# Dataset excerpts
-*-*-

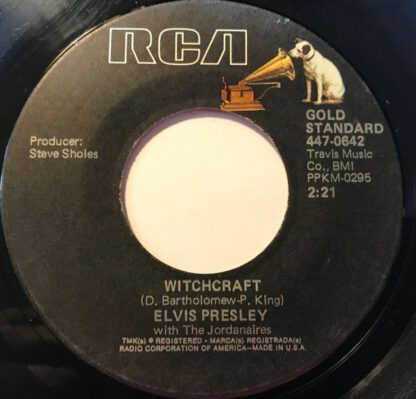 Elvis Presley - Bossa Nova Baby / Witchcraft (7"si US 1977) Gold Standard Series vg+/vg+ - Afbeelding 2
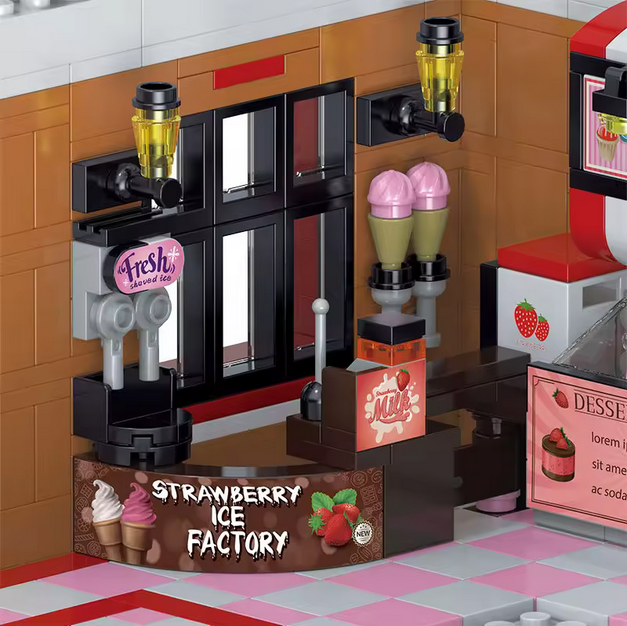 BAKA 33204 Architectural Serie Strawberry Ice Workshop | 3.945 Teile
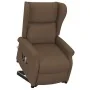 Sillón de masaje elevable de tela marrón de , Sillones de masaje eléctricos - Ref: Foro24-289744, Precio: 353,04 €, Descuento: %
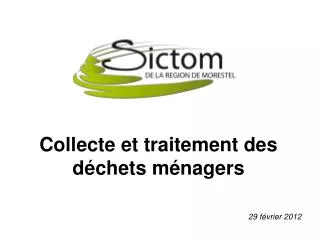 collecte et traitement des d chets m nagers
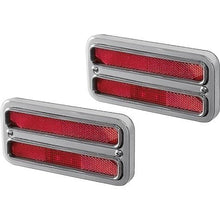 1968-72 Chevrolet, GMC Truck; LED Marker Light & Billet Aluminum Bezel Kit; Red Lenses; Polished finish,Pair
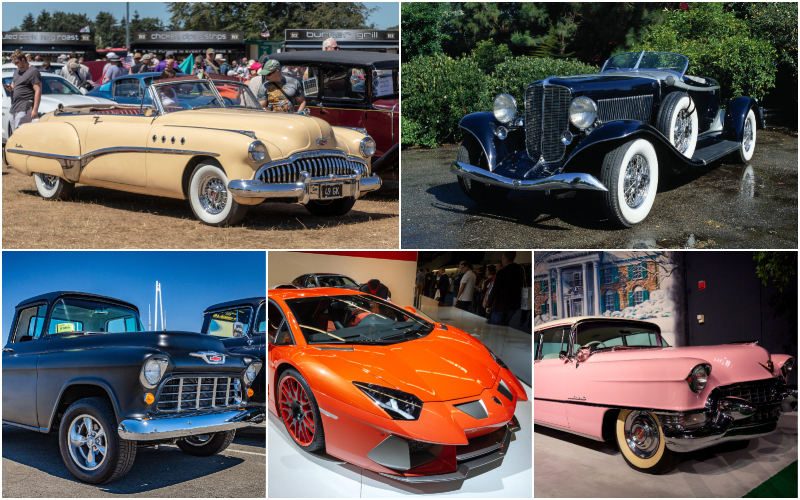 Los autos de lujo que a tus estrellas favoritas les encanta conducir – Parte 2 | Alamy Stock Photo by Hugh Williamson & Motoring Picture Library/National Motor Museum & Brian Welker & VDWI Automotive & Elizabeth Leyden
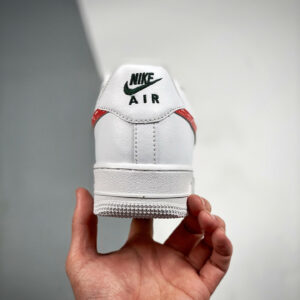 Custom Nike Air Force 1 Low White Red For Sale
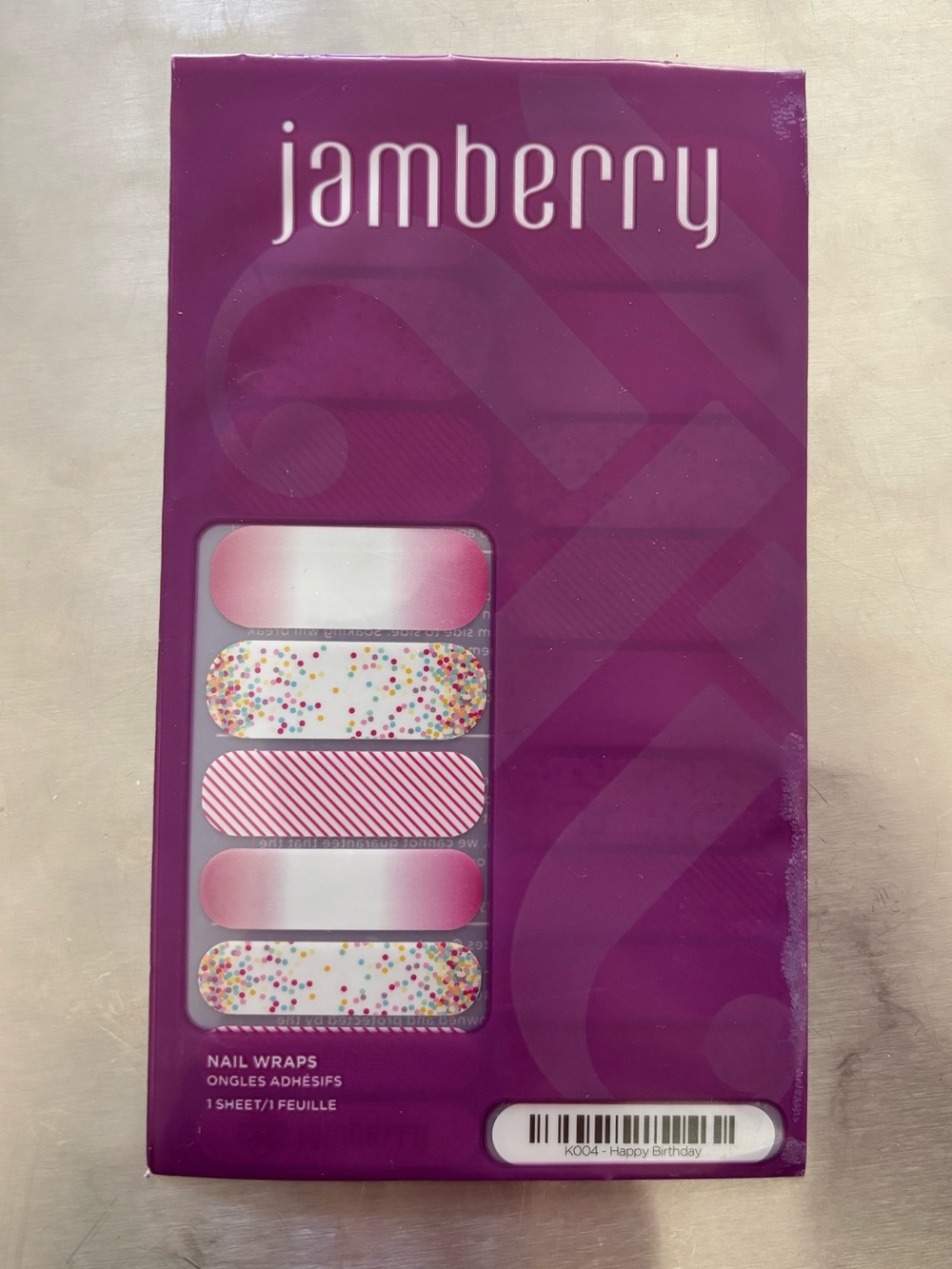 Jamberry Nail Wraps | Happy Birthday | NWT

-*-*-

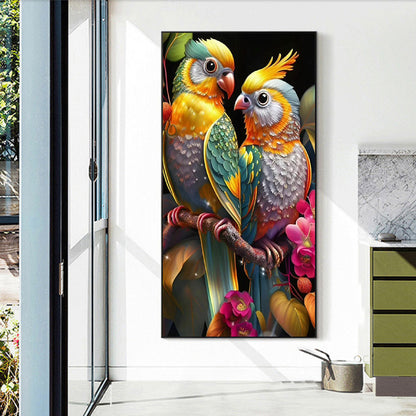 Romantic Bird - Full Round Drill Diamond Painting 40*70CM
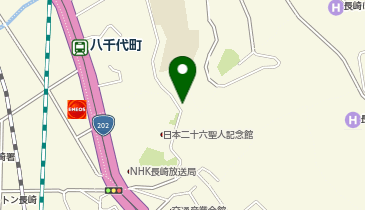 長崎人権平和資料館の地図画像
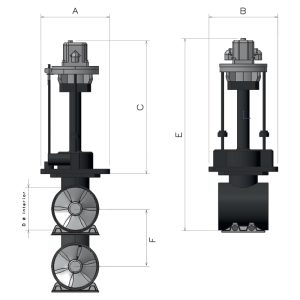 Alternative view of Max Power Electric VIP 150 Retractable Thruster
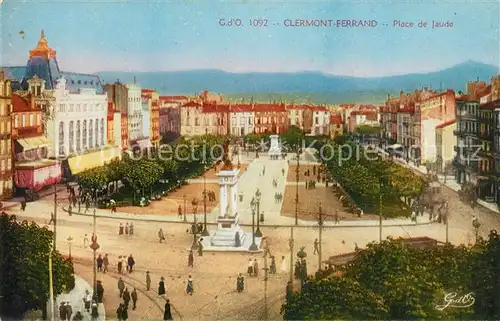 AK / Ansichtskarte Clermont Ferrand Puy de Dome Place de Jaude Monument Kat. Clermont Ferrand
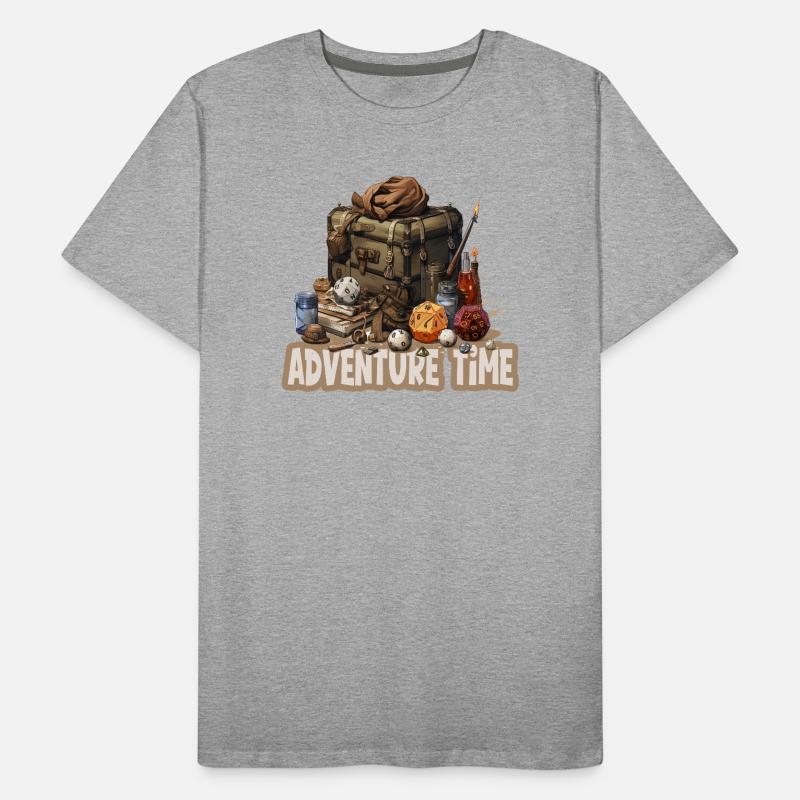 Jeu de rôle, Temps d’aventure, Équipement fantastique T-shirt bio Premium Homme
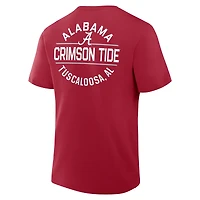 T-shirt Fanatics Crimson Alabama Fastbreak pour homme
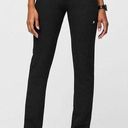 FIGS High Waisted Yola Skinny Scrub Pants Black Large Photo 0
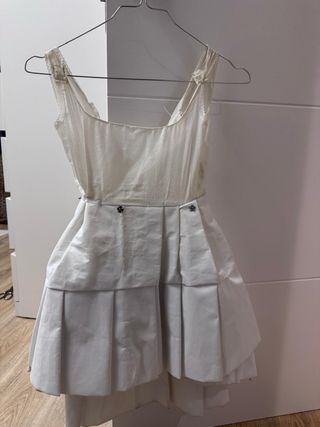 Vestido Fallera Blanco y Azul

-*-*-

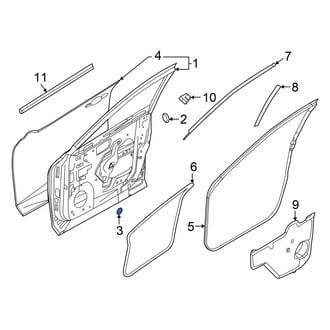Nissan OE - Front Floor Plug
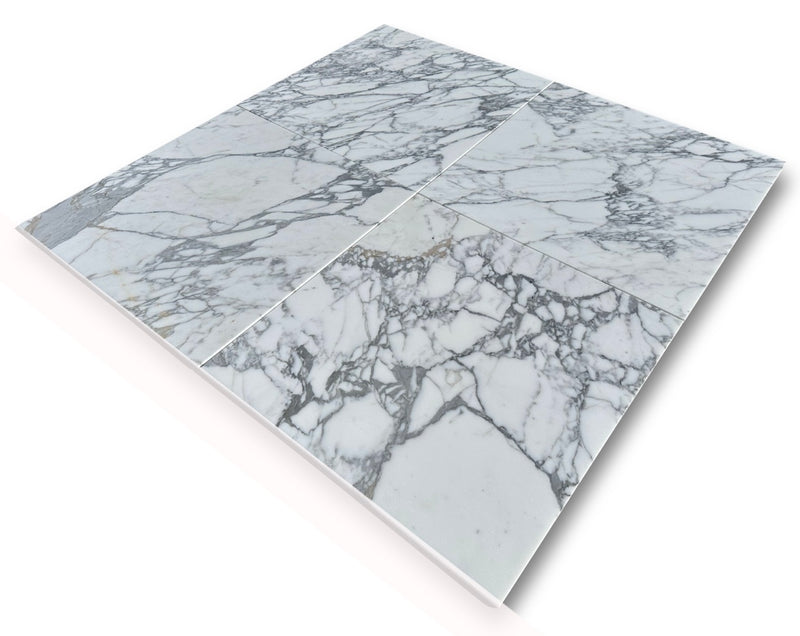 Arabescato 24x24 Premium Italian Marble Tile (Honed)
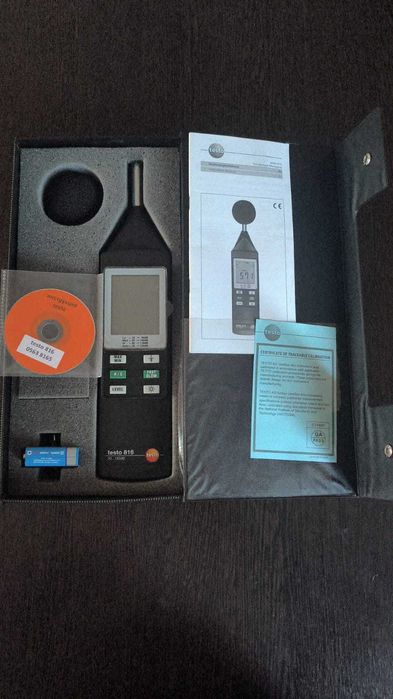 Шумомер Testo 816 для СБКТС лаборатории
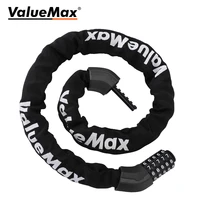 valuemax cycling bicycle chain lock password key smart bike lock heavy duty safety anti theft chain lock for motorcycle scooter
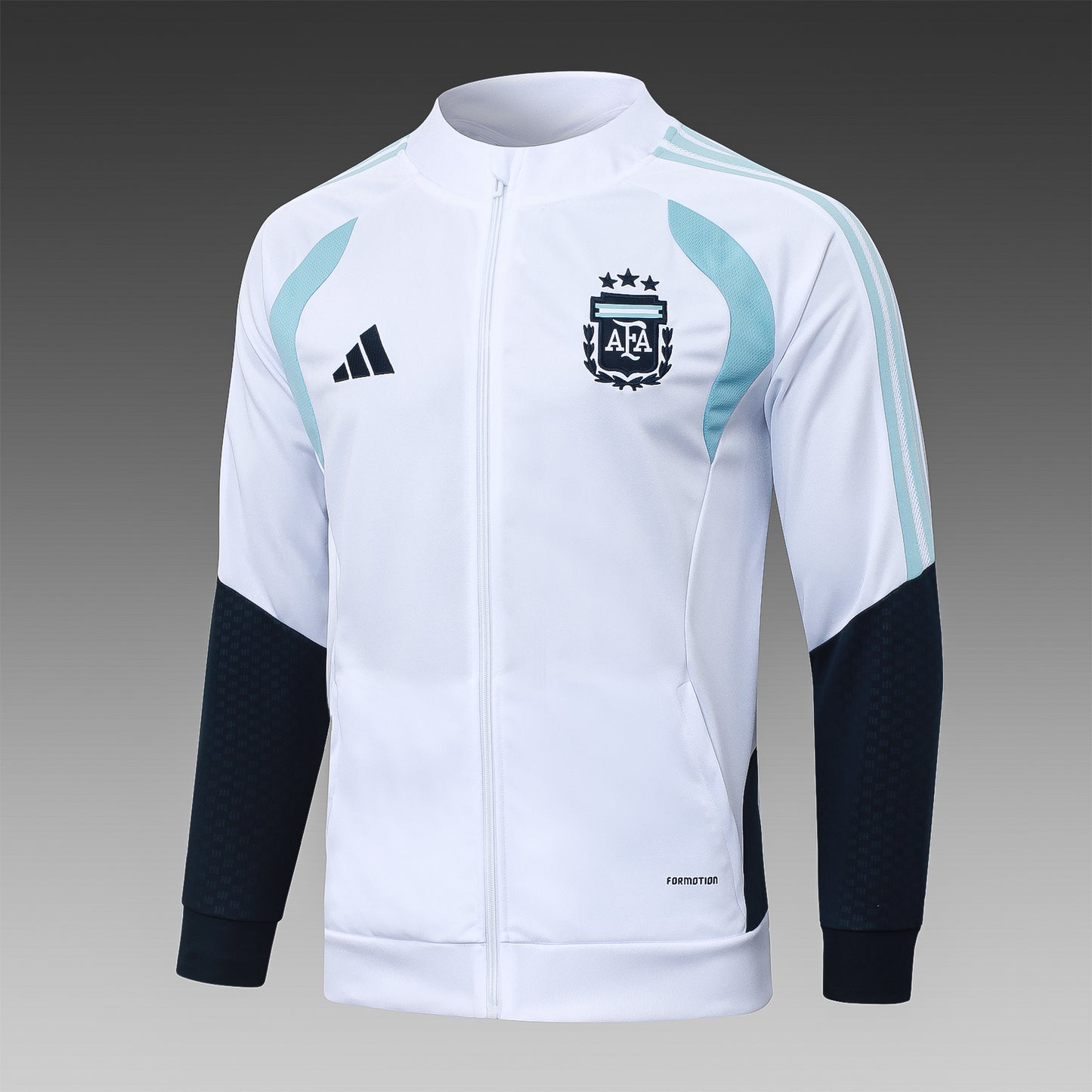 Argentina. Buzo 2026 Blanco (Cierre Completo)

-*-*-

# Instructions to follow
Taking the entries above, extract every line from the one bearing "collecte et traitement des d chets m nagers" through the one bearing "Jamberry Nail Wraps | Happy Birthday | NWT", exactly, with no pictures.

# Task answer
 collecte et traitement des d chets m nagers
 1968-72 Chevrolet, GMC Truck; LED Marker Light & Billet Aluminum Bezel Kit; Red Lenses; Polished finish,Pair
 Los autos de lujo que a tus estrellas favoritas les encanta conducir – Parte 2 | Alamy Stock Photo by Hugh Williamson & Motoring Picture Library/National Motor Museum & Brian Welker & VDWI Automotive & Elizabeth Leyden
 Custom Nike Air Force 1 Low White Red For Sale
 Jamberry Nail Wraps | Happy Birthday | NWT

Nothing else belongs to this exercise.